MATLAB Answers


how to extract data from the fixed-width-field format using fscanf or textscan

Asked by Dmitrii Semikin on 16 Jun 2019
Latest activity Commented on by Dmitrii Semikin on 18 Jun 2019
I am trying to parase large file, containing among others numerical data fixed in fixed-width-fields format without whitespaces (or any other separators) between the fields. Consider the example:
55 6 788
1122 3 4
In this text each line contains four numbers each - two digits wide. Expected result after parsing this flie is:
1 22 33 44
55 6 7 88
11 22 3 4
The prerformance is important for me, as the files I read may be hunreds of MBs large. From my experiments I discovered, that fgetl() is drammatically slower, than fscanf (I did not check the performance, but I expect, that textscan should also be significantly faster.
The problem is that I cannot find the way to parse data like this with fscanf or textscan. Could someone tell, if it is possible at all? If not, is there any other way to parse such a text file with good performance?
P.S. format of actual string is, of course, somewhat more complicated. Example string is:
1101332.18685714711829.064533733772535.874264373485 0 0
this string should be parsed into the numbers with the following widths: 8, 16, 16, 16, 8, 8, which in this particular case would result in the following numbers:
P.S.2: Differnence between the performance of fgetl and fscanf: On my laptop for the file, which contains 35597 lines the following code with fscanf complete in 0.253614 seconds
function [data] = test_fscanf_nodes_only_01()
file_name = 'myfile.txt';
file_id = fopen (file_name, 'rt');
cleanup_obj = onCleanup(@() fclose(file_id));
data = fscanf(file_id, '%8d%16f%16f%16f%8f%8f', [6, Inf]);
while the following code with fgetl needs 6.343209 seconds to complete, even though it does much less
function [data] = test_fscanf_nodes_only_02()
file_name = 'myfile.txt';
file_id = fopen (file_name, 'rt');
cleanup_obj = onCleanup(@() fclose(file_id));
lines_count = 0;
while ~feof(file_id)
current_line = fgetl(file_id);
lines_count = lines_count + 1;
data = 1;
fprintf('Lines count: %d', lines_count);
The main problem with the first snippet is that it returns wrong result (because for fscanf the width of the field counts from the first digit it finds and not from the current position of the file pointer (which means, that the leading whitespaces are not counted as field width).
EDIT: The dimension in fscanf is changed from [5, Inf] to [6, Inf] according to Jan's comment.

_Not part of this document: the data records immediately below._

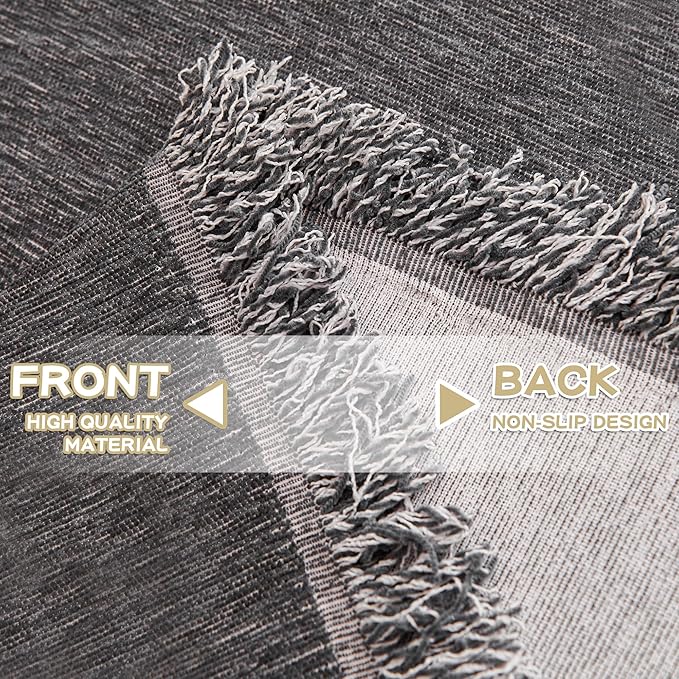 MYSKY HOME Oversized Couch Cover Sofa Covers Couch Covers - Image 8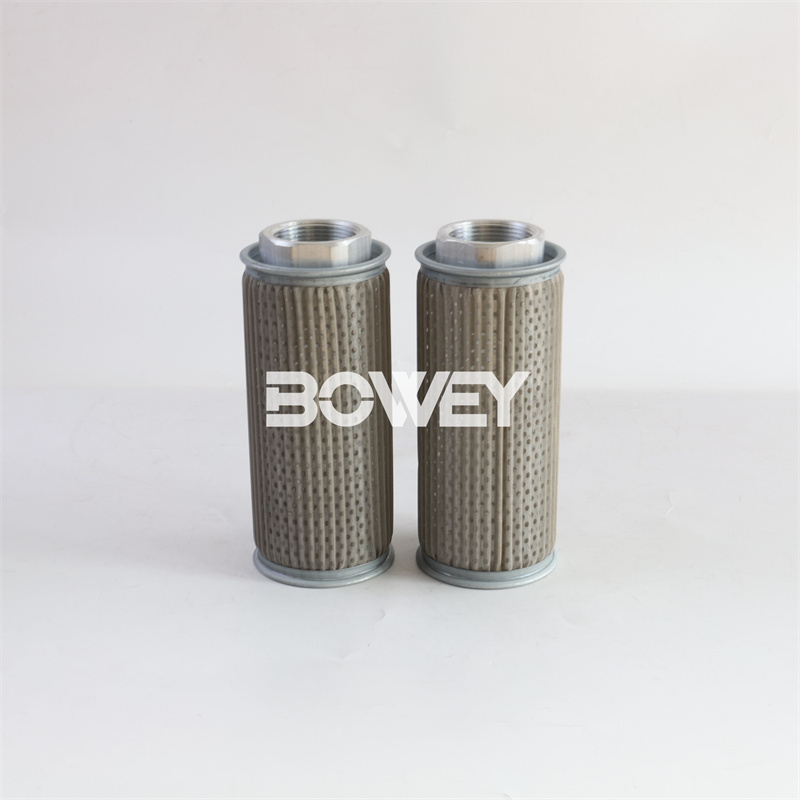 MF12 Bowey Oil Pump Inlet Suction Filter Element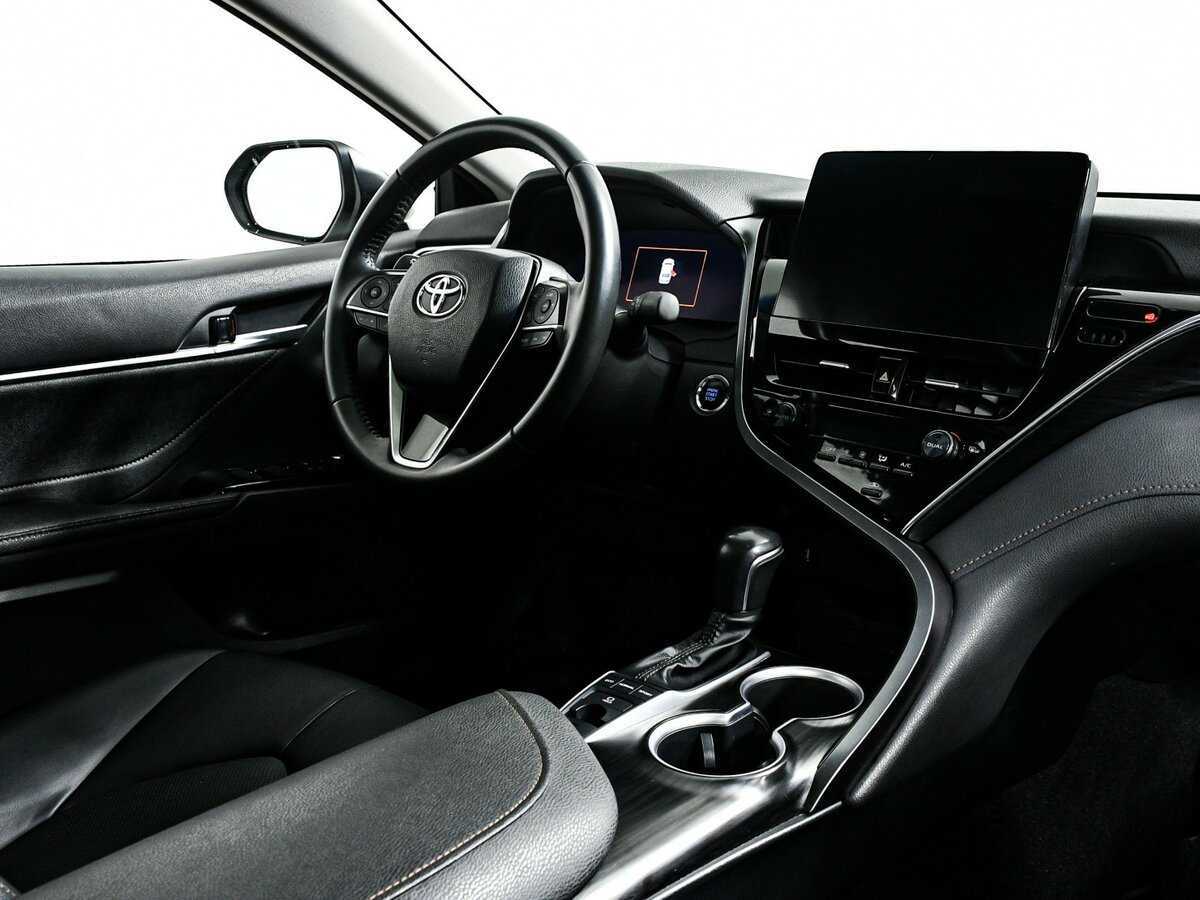 Купить Toyota Camry, 2023, 22 300 км, фото №7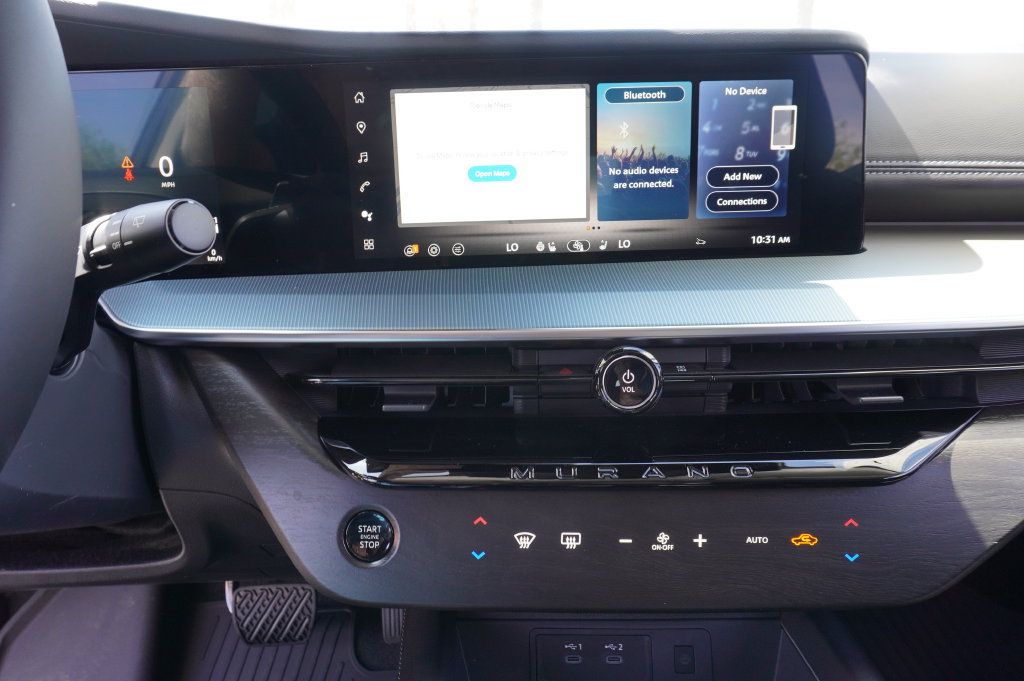 Certified 2025 Nissan Murano SL AWD/4WD image 19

@dpb: Thank you for mentioning this option. Indeed, as Walter Roberson noticed, in my release it is not available, but it is still good to know, that in later releases this option exists.
@Walter Roberson:
''' No that fscanf will not work for the reason that the user noted: fscanf skips leading whitespace before it starts the count. '''
Do I understand correctly, that this means, that the answer to my question is: "NO, it is impossible to parse this kind of string with fscanf or textscan (in the release I have)"?
textscan() is not the same as fscanf(): with textscan it is possible to change the Whitespace and Delimiter properties in a way that does not skip leading whitespace. because of the way that the numeric fields parse numbers, a leading whitespace in a numeric field in such an arrangement would be counted as an invalid character, so this turns out to only be useful for fixed-width character fields.

Sign in to comment.





2 Answers

Answer by Walter Roberson
on 17 Jun 2019
 Accepted Answer

fileread into a character vector. regexprep to insert a space before every field. textscan the character vector.


Show 1 older comment
@Walter Roberson:
Sorry for a bit childish question, but what should be the call (with what regex), to insert whitespaces at the given locations in the string?
Thank you in advance.
newS = regexprep(S, '^(.{8})(.{16})(.{16})(.{16})(.{8})(.{8})', '$1 $2 $3 $4 $5 $6', 'lineanchors');
@Walter Roberson: Thank you for the solution.
At the end I did it slightly differently:
I still read the whole block, which contains the data into the memory. But then I do two transformations using regex:
  1. Move the minus sign "-" to the beginning of the whitespace area
  2. Fill the whitespace area with zeros
Then it is possible to read the data with fscanf using fixed-width formatting.
Now I realize, that your solution is most likely better. I think, it should be faster, becaue you don't need two passes. Initially I thought, that I would need to take care about lineendings, but then I realized, that with "^" at the beginning of the regexp it should all heppen automatically.
So, I really think, this is the most helpful answer (well, the answer from Stephen Cobeldick is the implementation of the same idea).
Thank you.

Sign in to comment.

Answer by Stephen Cobeldick on 17 Jun 2019

A simple solution based on regeprep and sscanf. Before the file-reading loop:
vec = [8,16,16,16,8,8];
rgx = sprintf('(.{%d})',vec);
rpl = sprintf('$%d,',1:numel(vec));
In the file-reading loop:
str = fileread('temp2.txt');
str = regexprep(str,rgx,rpl,'dotexceptnewline');
mat = sscanf(str,'%f,',[numel(vec),Inf]).'
Giving (the test file is attached):
mat =
110.00000 1332.18686 829.06453 535.87426 0.00000 0.00000
220.00000 2332.28686 829.06453 535.87426 0.00000 0.00000
330.00000 3332.38686 829.06453 535.87426 0.00000 0.00000
440.00000 4332.48686 829.06453 535.87426 0.00000 0.00000
550.00000 5332.58686 829.06453 535.87426 0.00000 0.00000

  1 Comment

Thank you for the solution. But as the idea was proposed by Walter Roberson, he gets the score :).

Sign in to comment.